Tiffany & Co. has unveiled a reimagined flagship at South Coast Plaza in Costa Mesa, California — a 15,000-square-foot temple to high jewelry designed by architect Peter Marino. The space, which opened this week, represents the maison’s most ambitious West Coast statement under the LVMH umbrella.
What distinguishes this location from standard luxury flagships is its integration of art and architecture as sales tools. Marino has embedded gallery-like viewing spaces where clients can examine Schlumberger and Jean Schlumberger pieces in natural light, a gesture that treats jewelry as sculpture rather than inventory.

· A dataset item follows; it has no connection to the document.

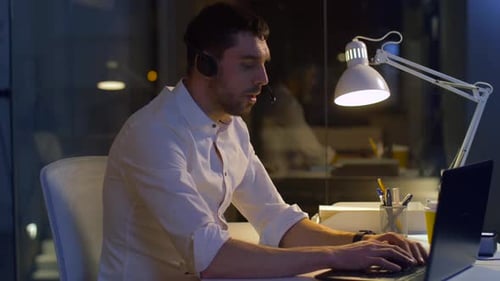 Young hispanic businessman typing on laptop with headset overworking late at night office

The South Coast Plaza flagship arrives as California’s luxury market continues to outperform national averages, driven by a concentration of wealth in the tech-adjacent Orange County and Los Angeles corridors. Tiffany’s bet — that architectural ambition translates to commercial gravity — will be tested against a clientele accustomed to museum-grade retail.

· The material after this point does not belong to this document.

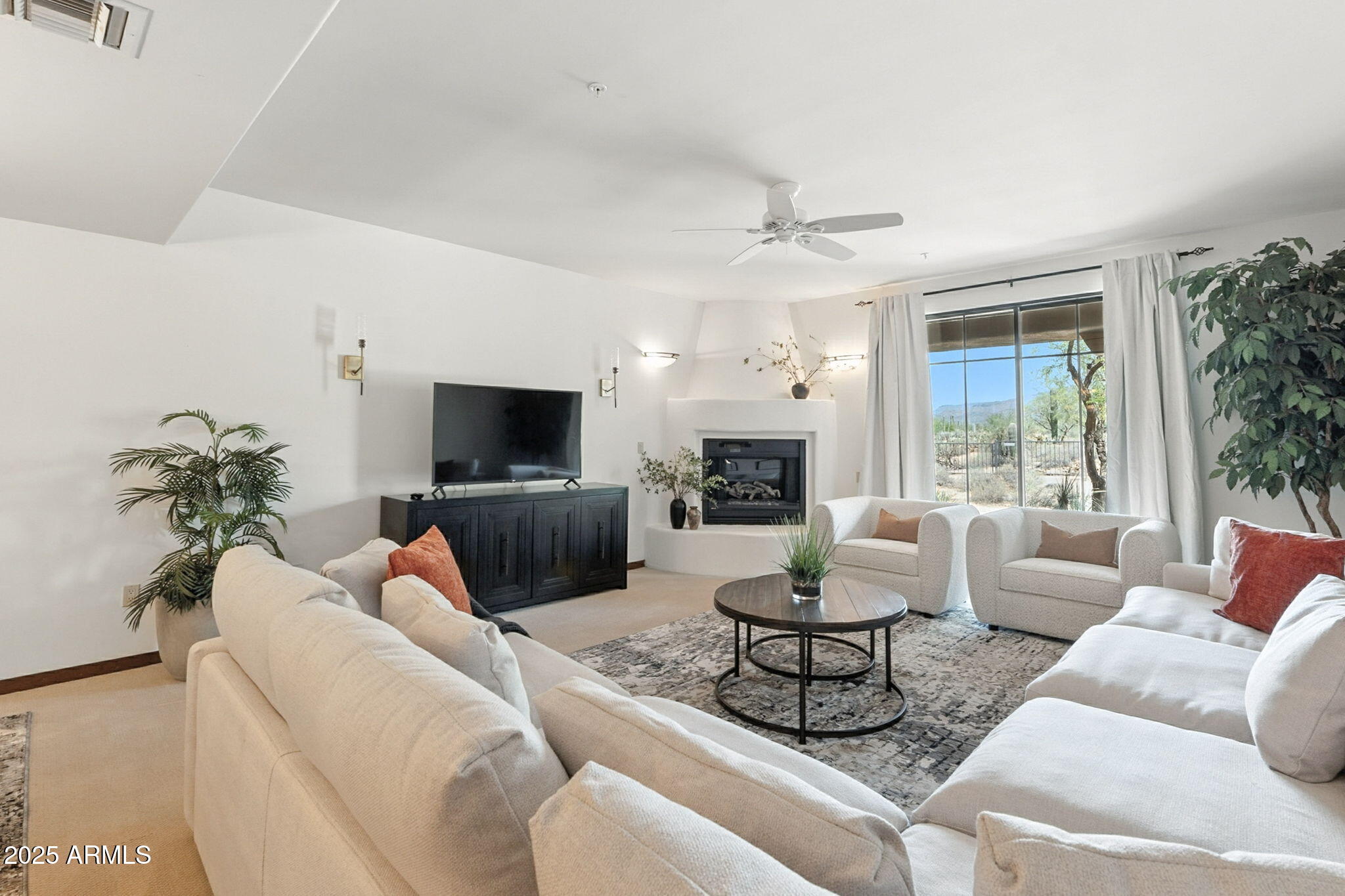 36601 North Mule Train Road, Unit B19 Carefree, AZ 85377 - Photo 25 of 53 a living room with furniture a flat screen tv and a fireplace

Marino, the architect behind many of luxury retail’s defining spaces — from Chanel on Place Vendôme to the Dior flagship in Miami — has applied his signature blend of raw materiality and refined spectacle. The South Coast Plaza store combines warm limestone surfaces with sculptural display cases, drawing the eye through an open-plan layout that prioritizes journey over transaction.
The store’s opening comes at a inflection point for Tiffany, which has spent the last several years reasserting its position as America’s preeminent jewelry house. Under the creative direction of Nathalie Verdeille and CEO Anthony Ledru, the brand has expanded its high-jewelry output and renovated its global flagship network, with the New York Landmark and now Costa Mesa serving as bookends of a retail renaissance.